DSNIC: Brief Firmware Description.
Marcel Boosten
CERN, EP/ATD, Geneva, Switzerland
December 12 1997
Table of Contents
Introduction
The DSNIC firmware has been designed to full fill two requirements:
-
It should provide network access to the DS link control network to
allow a PCI based system to be the DS network controller.
-
It should support a high speed message passing protocol.
The DSNIC card contains two C101 DS link interfaces. The first C101
is used to provide register I/O based network access meant for
network control. The second C101 is used to support the high speed
message communication protocol.
We have designed a high speed message passing protocol with the
following characteristics:
-
To avoid long term blocking of a wormhole route, the protocol should
split messages into packets.
-
The protocol should support adaptive routing because adaptive
routing has advantages for both throughput and reliability. The
consequences of supporting adaptive routing is out-of-order packet
delivery. The protocol should therefore reorder packets on the
receiving side.
-
To avoid network congestion, the message receiver should be capable
of receiving data as soon as it is offered.
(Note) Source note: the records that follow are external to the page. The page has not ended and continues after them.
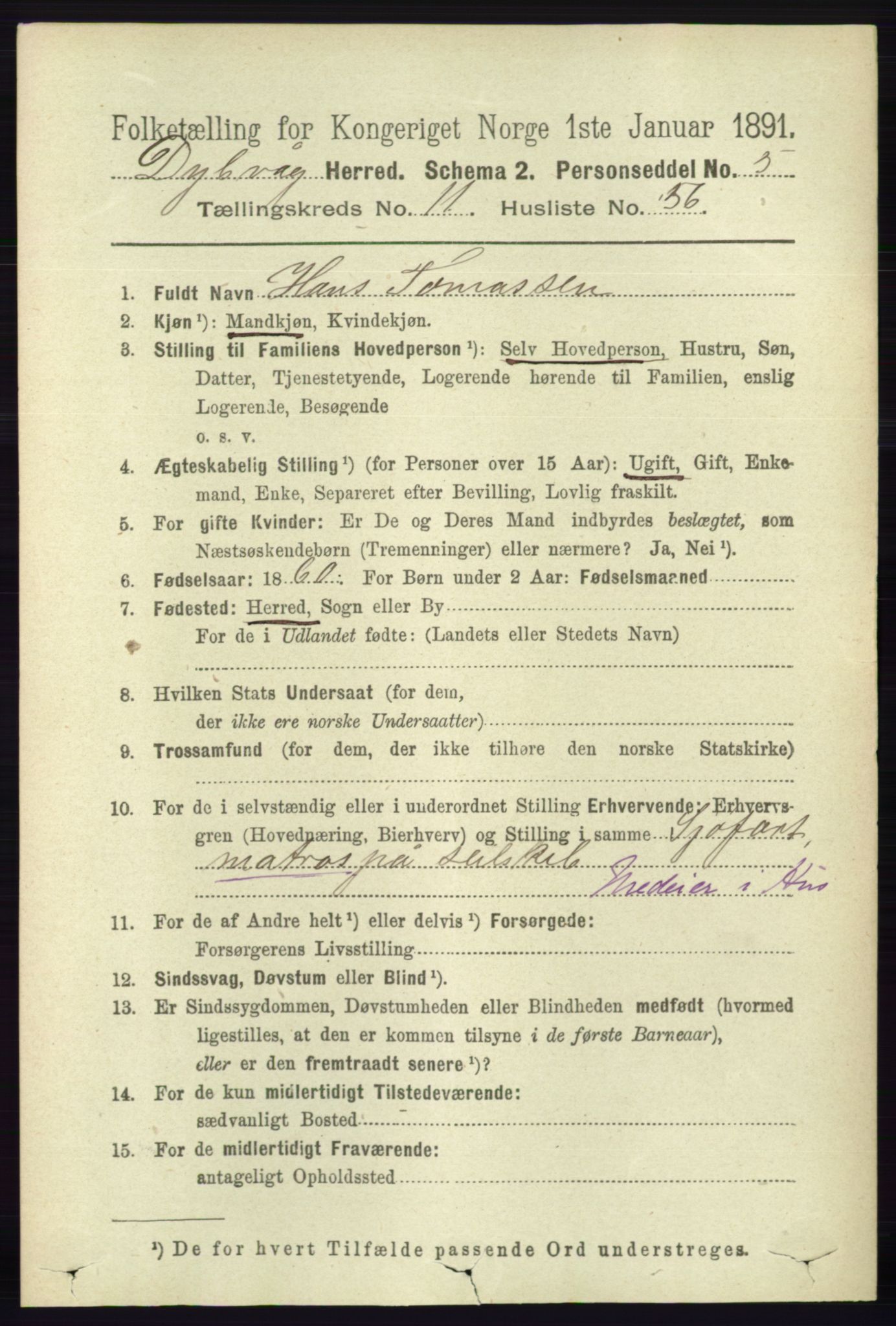 RA, 1891 census for 0915 Dypvåg, 1891, p. 4651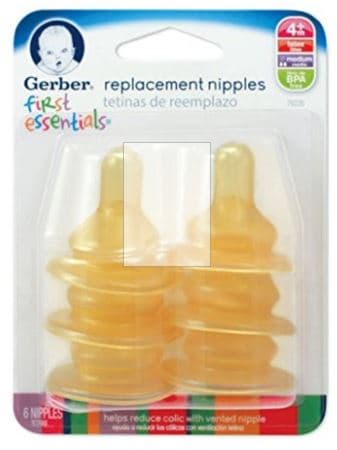 4 Pack First Essentials Latex Nipples 6 ea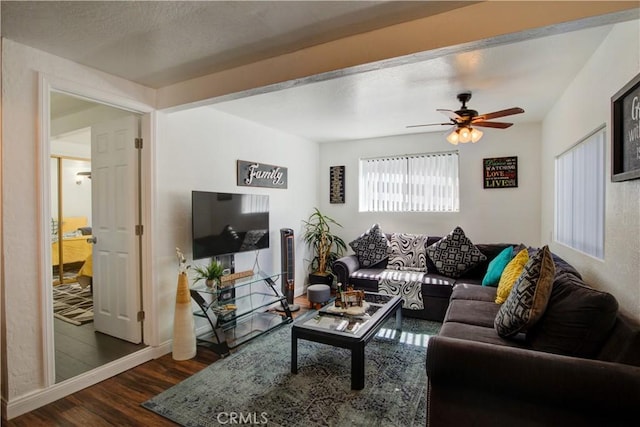 living room featuring wood finished floors and ceiling fan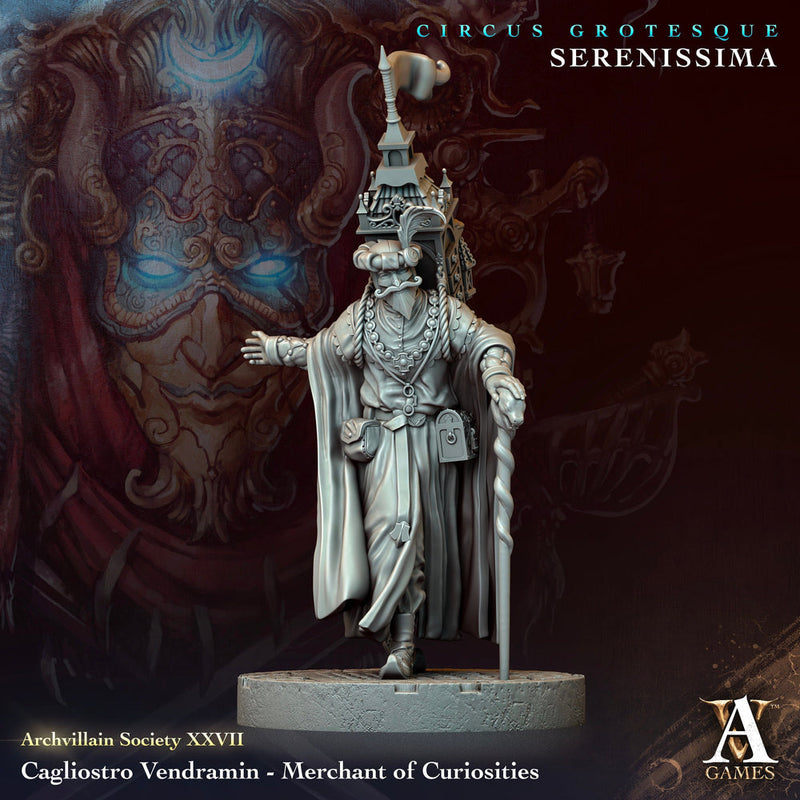 Merchant of Curiosities, Adventurer NPC | 28mm,32mm, 54mm,75mm,100mm Scales | Figure Mini- Minis -D&D 5e Pathfinder Figurine | Flesh of Gods - Only-Games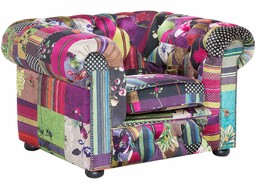 Beliani Fotel patchwork fioletowy CHESTERFIELD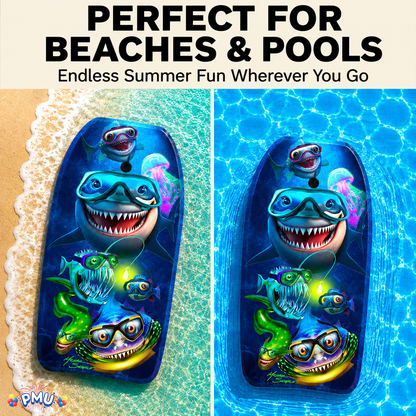 PMU 33 Inch Printed Bodyboard - Lightweight Wrist Leash Slick Bottom Boogie Board for Beach, Sea & Pool - Surfing Board for Kids, Teens & Adults Wave Conditions Pkg/1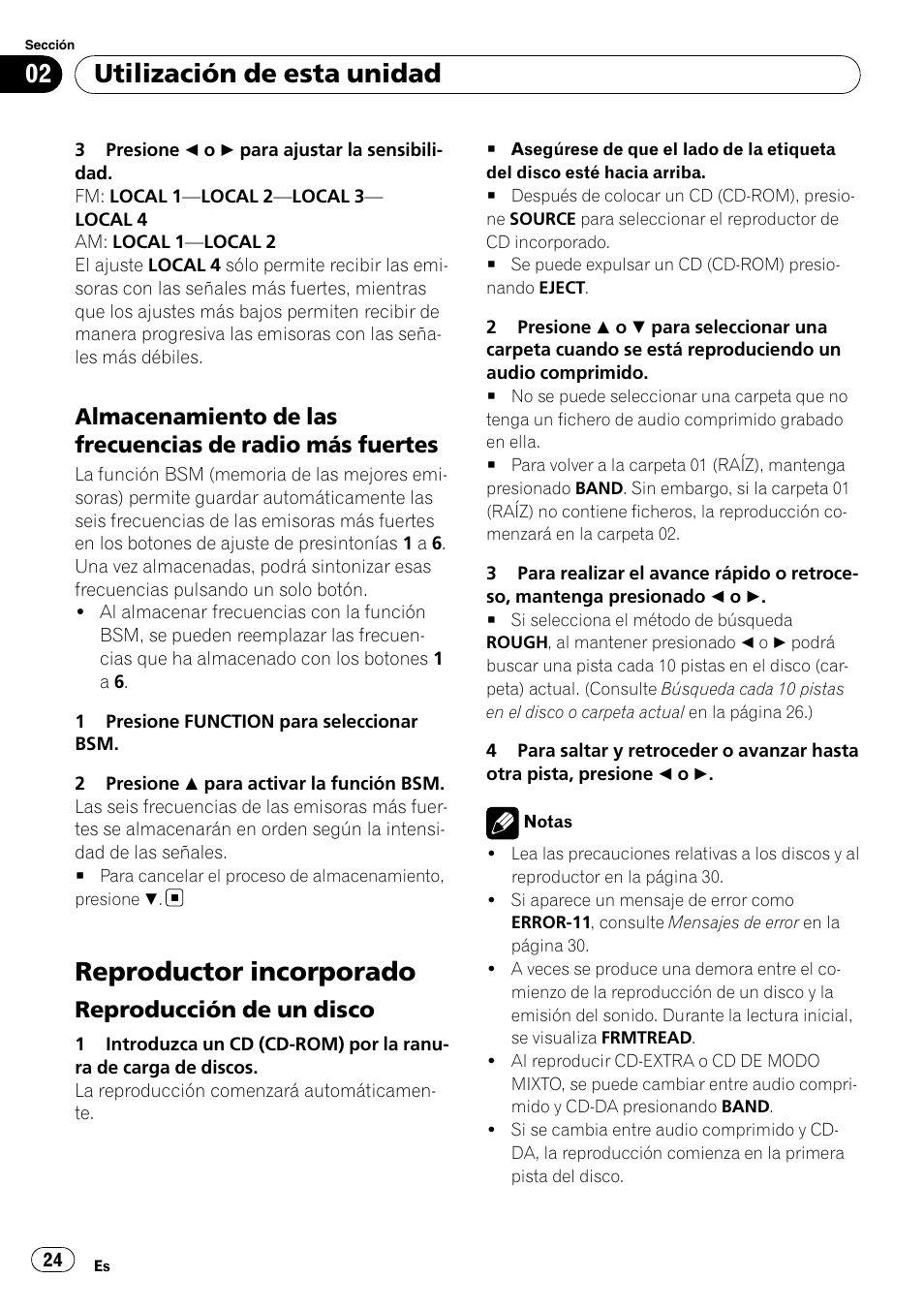 Almacenamiento de las frecuencias de, Radio más fuertes, Reproductor incorporado | Reproducción de un disco 24, Utilización de esta unidad, Reproducción de un disco | Pioneer DEH-2050MPG User Manual | Page 24 / 76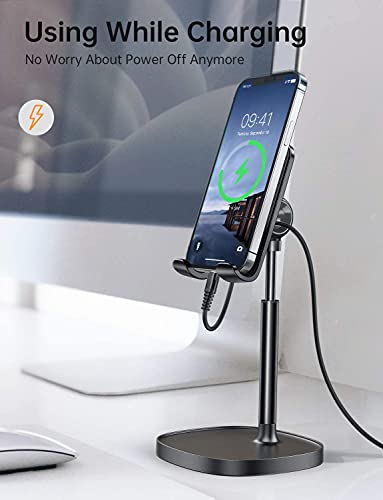 KITOME Tabletop Mobile Stand Holder for Table, Tablet Stand, iPad Stand, Adjustable Angle Height Cellphone Holder, Compatible with All Mobile Phones, iPhone, iPad, Tablets (Black) - Image 5
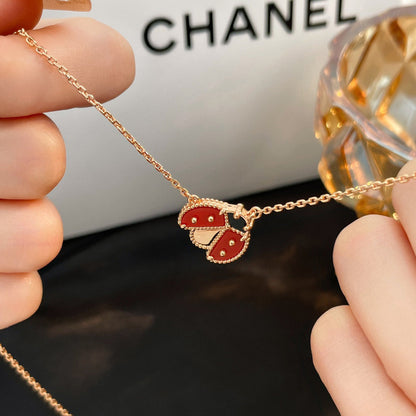 [Joyas Kincade]COLLAR DE MARIQUITA CON CORNALINAS DE LA SUERTE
Since the buffering
capabilities of each end-node are limited, the protocol uses
end-to-end flow control to avoid packet loss due to buffer overflow.
Firmware design
The design of the firmware is the result of the following arguments:
-
Packet communication interface:
Measurements have proven that the maximum link throughput cannot be
reached if the host CPU is used to transfer every single byte of a
message via register I/O. Therefore, the DSNIC firmware offers an
packet communication interface that allows DMA transfers of packet
data.
-
DMA to user space:
A well known problem in interfacing is memory-to-memory copying.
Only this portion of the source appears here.